Coming back to LTT, I had no other plan but to sit it out at the station and board the same train again on my way back, there was a waiting room with a small eatery for passengers at platform #1, but just like you have those fans blowing rose water scented air on your face at the entrance of a marriage hall, this one too was blowing air at the entrance, except the scent was similar to ammonia, or urine. You need to be on some heavy stuff to stand near that entrance, few minutes more and I would have probably fainted. Not sure if it was because of Sunday and the cleaning staff was on leave, but it was simply BAD. Decided to skip that and took a stroll outside, nothing much to do there as well.
A lone engine, might as well keep it inside the station.
The nearest restaurant was a good 15-20 minutes walk from the station, which meant I would have to take an auto and everything. Not needed as I had packed some food with me, but someone who arrives at LTT famished, he better be prepared to hang on for some more time. The IRCTC eatery upstairs, above the stinking toilets, is again, hopeless. I sampled a samosa just to see what it is like and threw it after one bite. Not sure why there are no good eateries when they have such a huge waiting area.
So I did the usual stuff at the station, walked along the length and breadth of the platforms, reached my step count target in the process, observed everything happening around me and read the book while waiting for the train's doors to open.
Soon, it was time to go back home. The train was the same, the coach was again the same, and as luck would have it, I had the same cabin confirmed with no one but just me in it! Once again, I was rolling, face plastered to the window and enjoying every bit of what I had seen two hours ago, the kid inside me awake and alive!
I came home happy and fresh with that 'reset to factory settings' sort of mental state, ready to face a gloomy, cloudy and rainy Monday with a full charge. Even though I had slept for just six hours the day before, did not sleep for a minute on the train. My wife was happy that I wasn't around her all day, she talked to her friends till they had nothing else to talk about, which is theoretically not possible, and the kid was busy landing planes at the airport we built last week.

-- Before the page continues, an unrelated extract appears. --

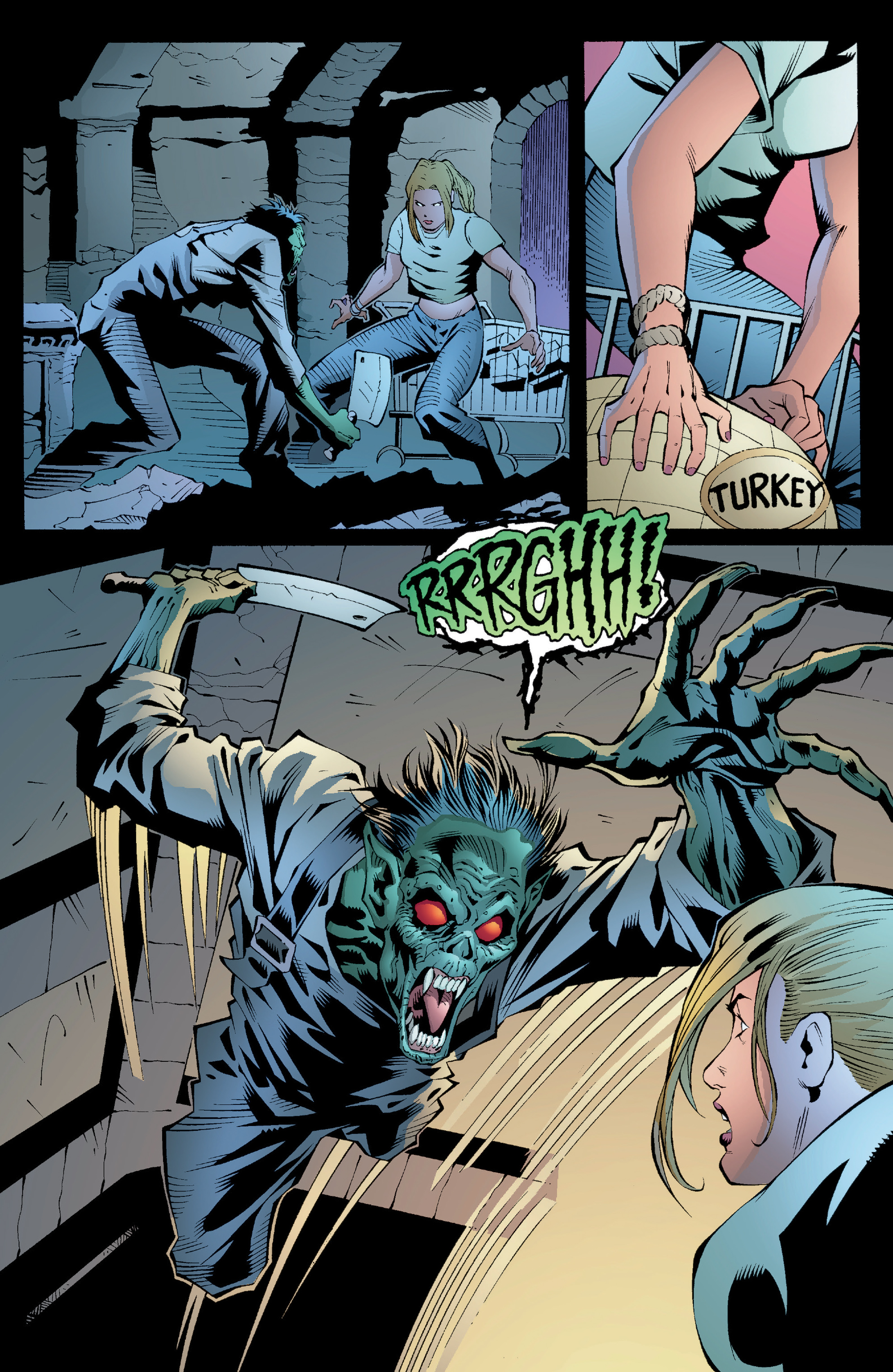 Buffy the Vampire Slayer Legacy Edition (2020-) issue Book 1 - Page 88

The total cost of the entire journey was about 2700 Rupees. This was an experiment I did and it was successful. I can take my family to Mumbai for a day, except it won't be LTT! I have at times worked from shopping malls or cafes, eating and drinking sugar in the process, but this is newfound love. If I want to be alone to do some office-related reading stuff or even do some coding, I can very well do it from a moving train. Hopefully, this will happen more. Thanks for reading!